Singh restored the damage done to Mehrangarh Fort and Jodhpur’s Hindu temples by Aurangzeb, an austere Muslim, and he groomed his two sons to take on royal responsibilities. However, one of them was impatient. On the night of June 23, 1724, when he was just 18, Bakhat Singh murdered his father as he slept in his royal chamber in Mehrangarh Fort.
The painting of Ajit Singh presenting his treacherous son with the garland was made more than two decades after this patricide. Catherine Glynn, in her catalogue essay on Jodhpur painting, writes that it was probably commissioned by Bakhat Singh in an effort to establish his dubious legitimacy.
Peacock in the Desert is not huge. It’s easy to navigate. But it is dense with delights and revelations.
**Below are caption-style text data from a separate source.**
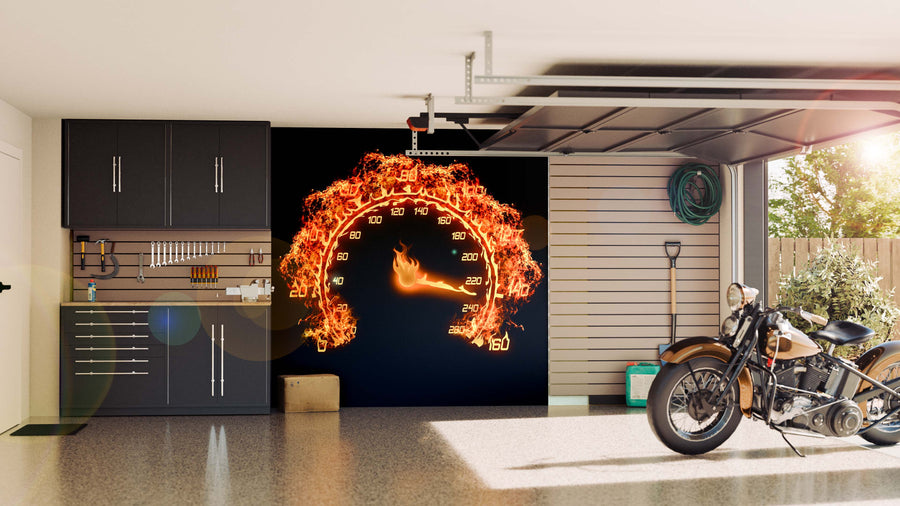A clean garage with black cabinets, organized tools, and a motorcycle. The back wall showcases the Burning Speedometer Wall Mural, featuring fiery flames over numbers. Sunlight pours in from the half-open garage door.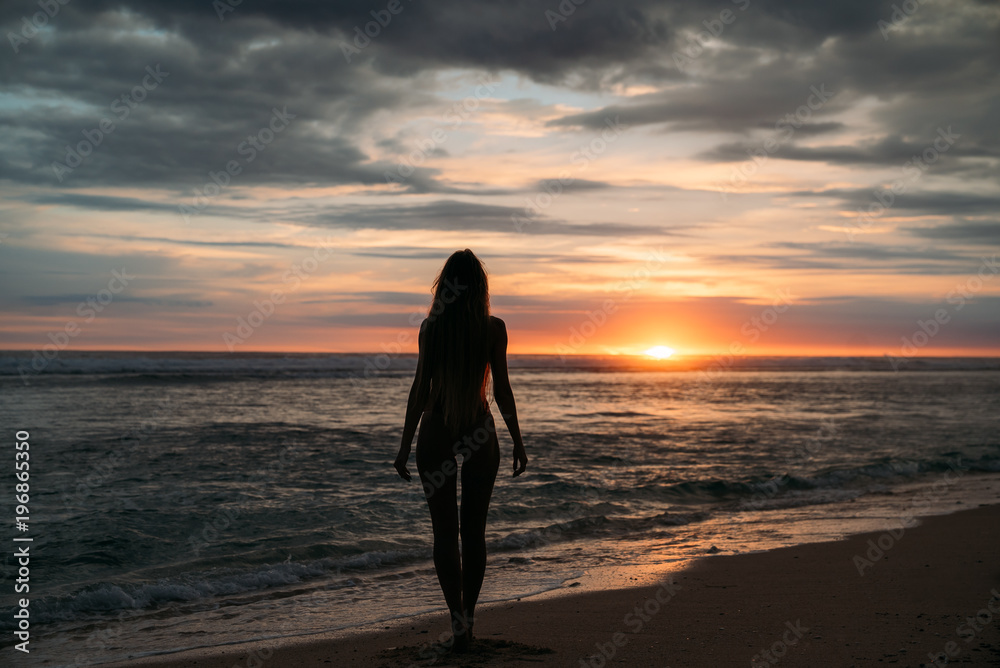 Back view silhouette of sexual woman. Beautiful young girl with long hair walking on the beach, posing at sunset. Concept of travel, relax, yoga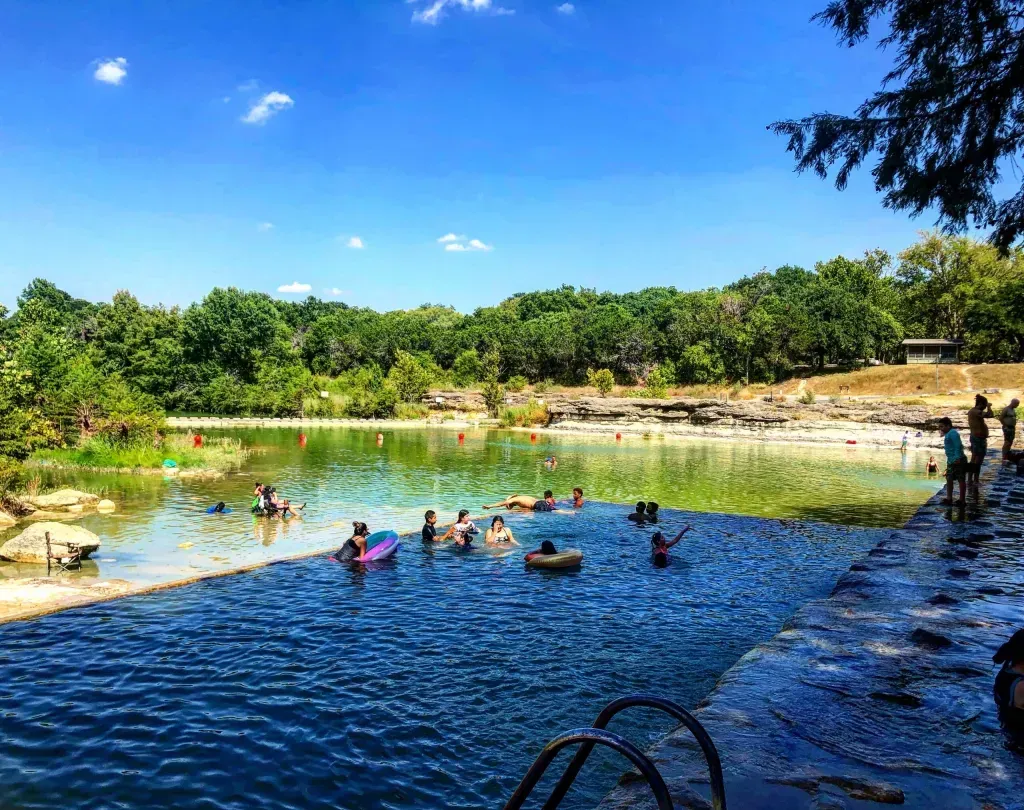 People swimming and relaxing in a blue river pool with green trees and a bright sky
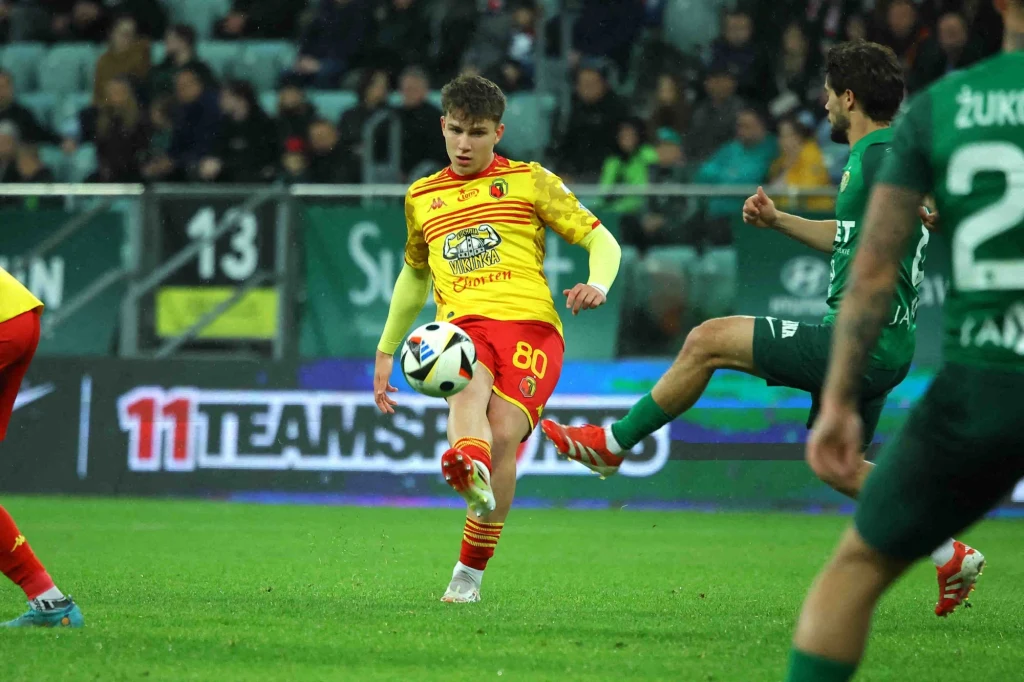 Oskar Pietuszewski Zawodnik w żółto-czerwonym stroju kopie piłkę podczas meczu piłki nożnej, obok niego kilku zawodników w zielonych strojach, a w tle widać trybuny z kibicami.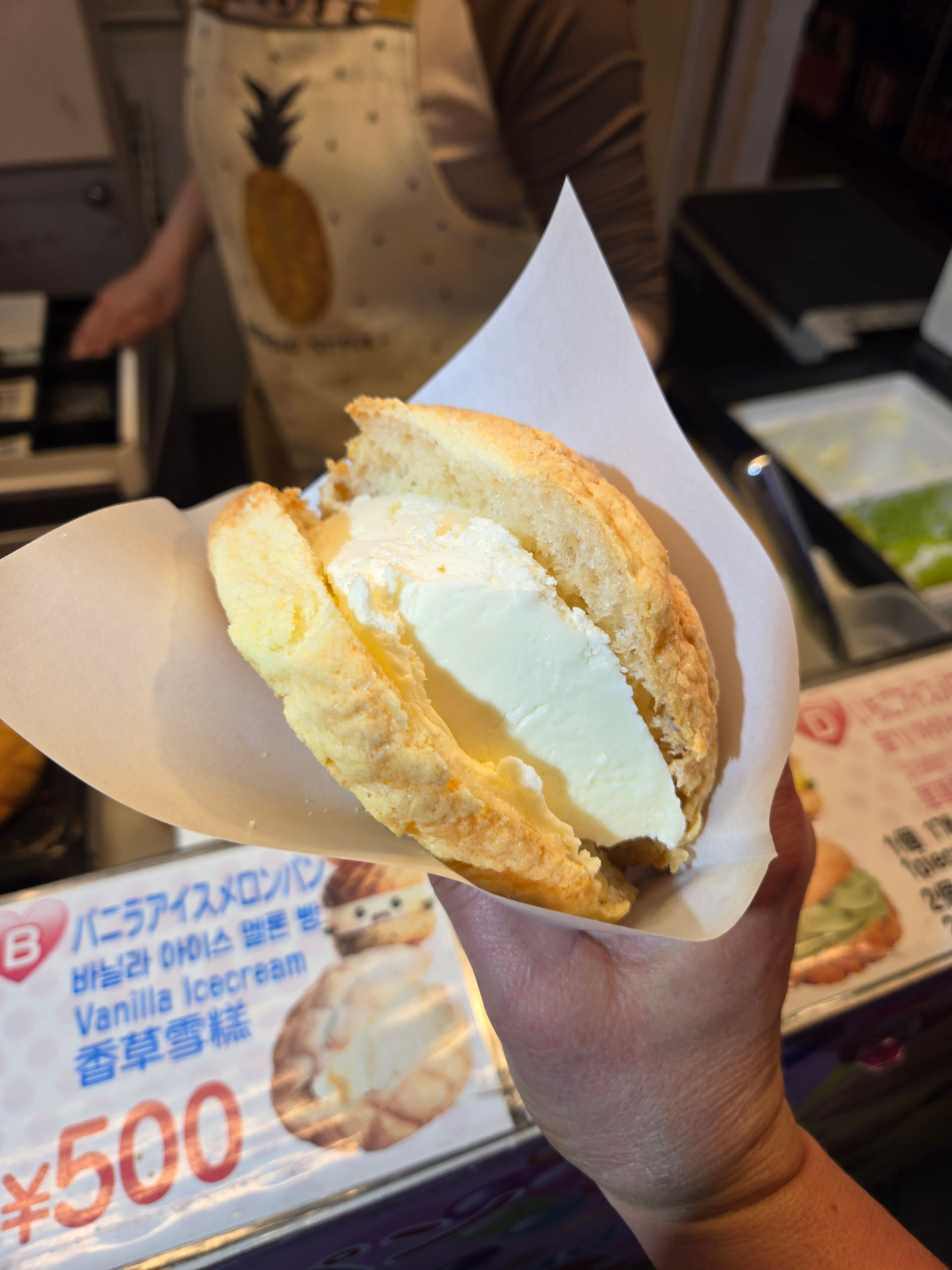 Melon pan ice cream sandwich with vanilla ice cream in Dotonbori Osaka.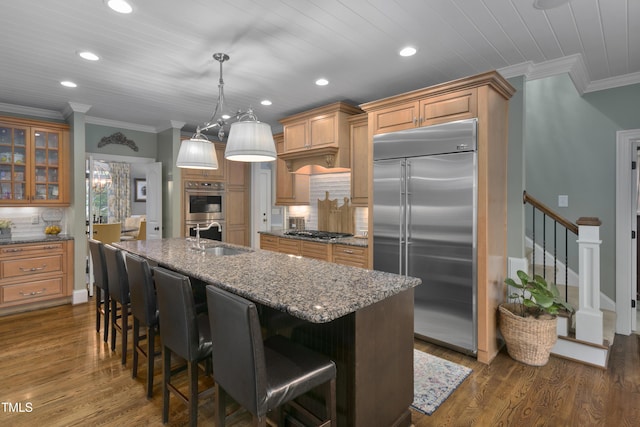 kitchen with appliances with stainless steel finishes, a sink, recessed lighting, a kitchen bar, and ornamental molding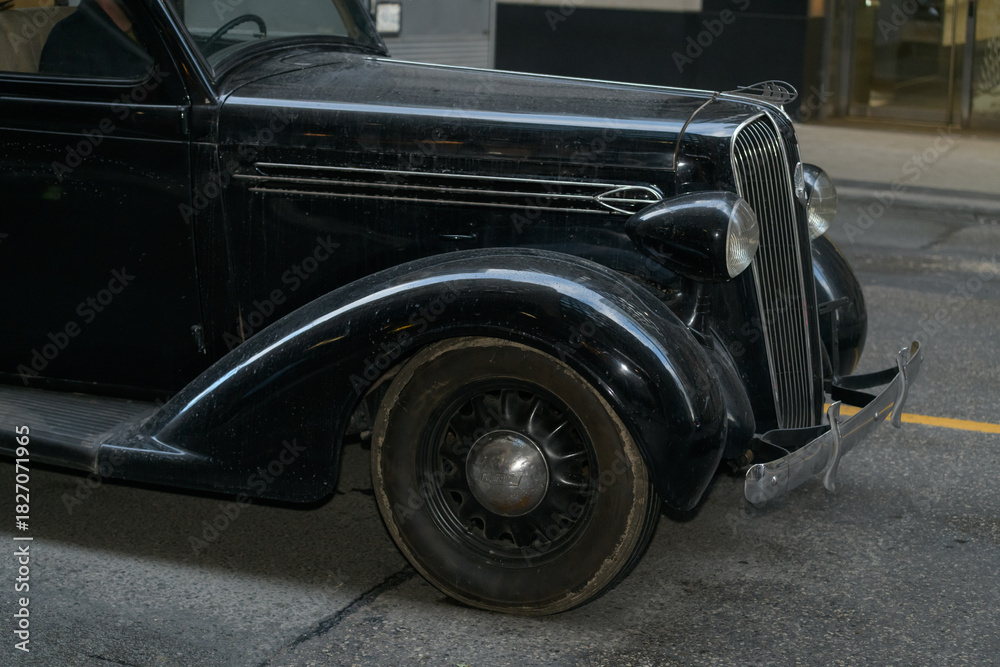 Fototapeta premium vintage automobile on a film set along Bay St, Toronto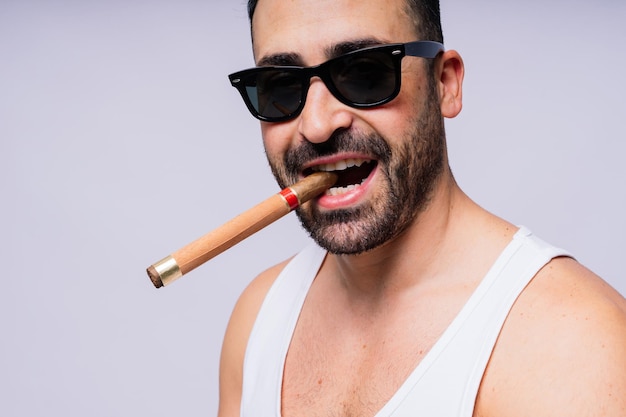 Closeup bearded caucasian man smoking a cigar Wearing white shirt Studio portrait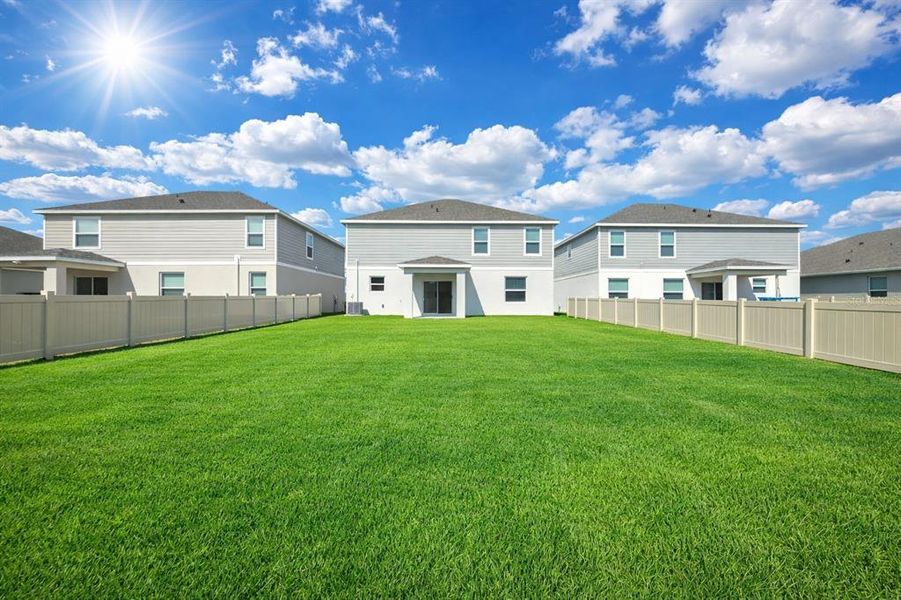 Exterior details and patio area of a home in Broadleaf, Parrish (Image 38).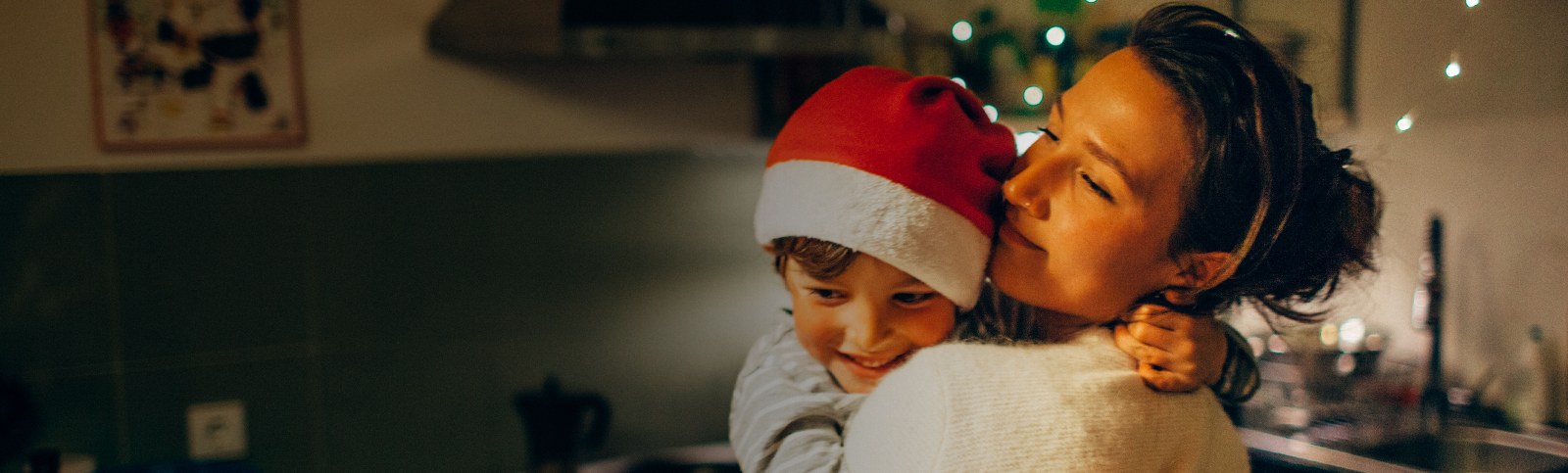 Son wearing Santa hat and hugging mom while standing in front of lights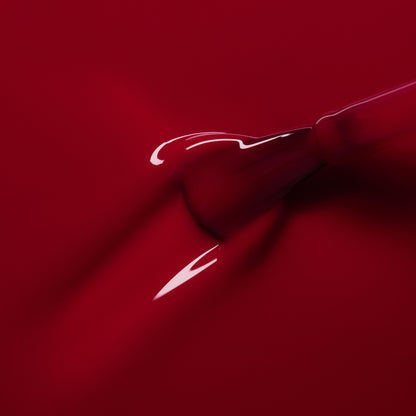 A close-up shows a dropper releasing Manucurist’s Pomegranate gel polish—a glossy raspberry red—onto a smooth red surface, forming a shiny, flowing puddle.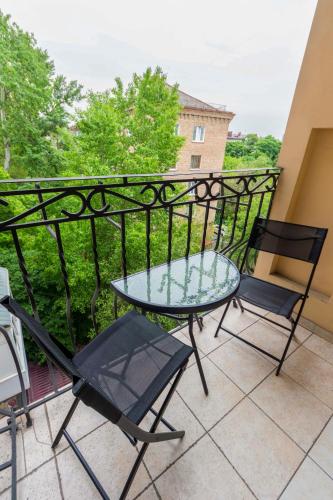 a balcony with a glass table and chairs on it at Secret Apartments in Kyiv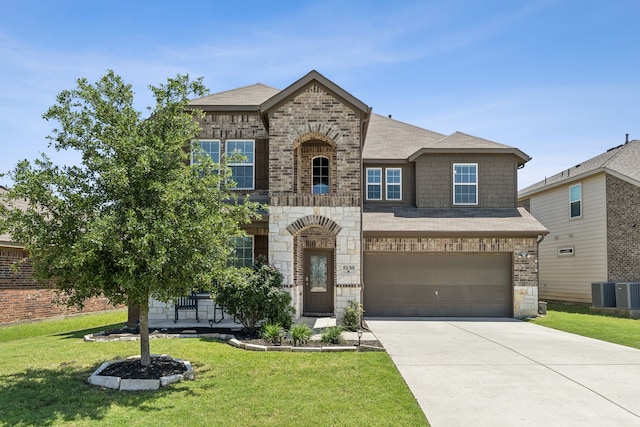 french country home with a front lawn, stone siding, brick siding, and driveway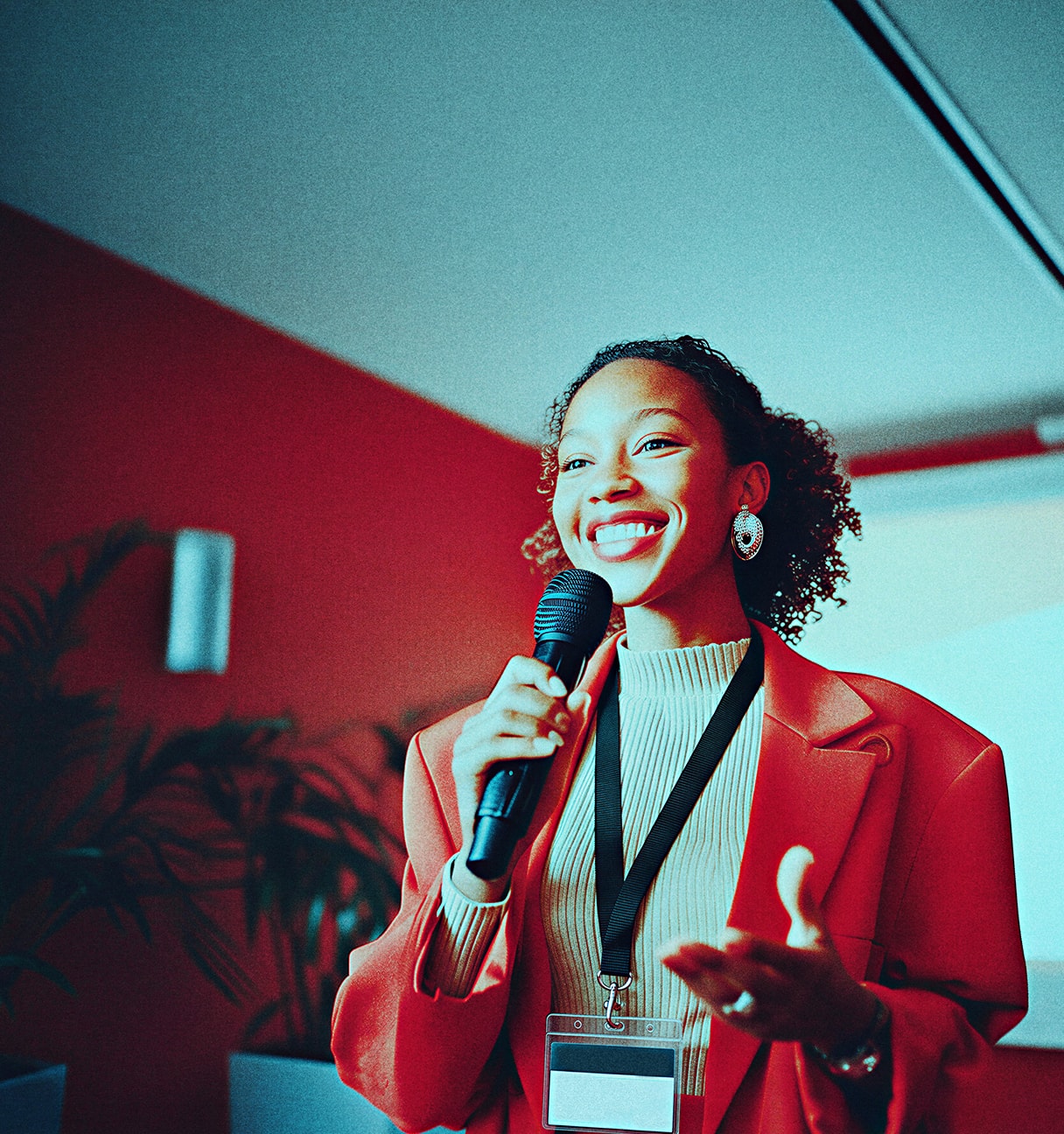 female speaker with microphone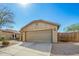 Beige house featuring a large two-car garage, desert landscaping, and a concrete driveway under a bright blue sky at 1268 S 238Th Ln, Buckeye, AZ 85326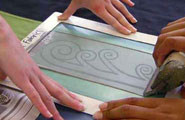 A photo of two students screen printing a koru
It might also present a model for future efforts by Western museums to engage with Indian culture — and indeed the cultures of other countries. The exhibition was seen to fruition by Mahrukh Tarapor, senior adviser for international initiatives at the Museum of Fine Arts, Houston, and Karni Jasol, director of the Mehrangarh Fort Museum. Most of the objects and much of the scholarship have come from India.
The show is dedicated to the memory of Martand Singh (1947-2017), known affectionately as “Mapu” — a former chairman of the Indian National Trust for Art and Cultural Heritage, director of the Calico Museum of Textiles in Ahmedabad and chief consultant for this exhibition until his death.
After Peacock in the Desert ends in Houston, it travels to Seattle and then Toronto.
Peacock in the Desert: The Royal Arts of Jodhpur runs through August 19 at the Museum of Fine Arts, Houston; October 18-January 21, 2019 at the Seattle Art Museum; March 9-September 2, 2019, at the Royal Ontario Museum, Toronto.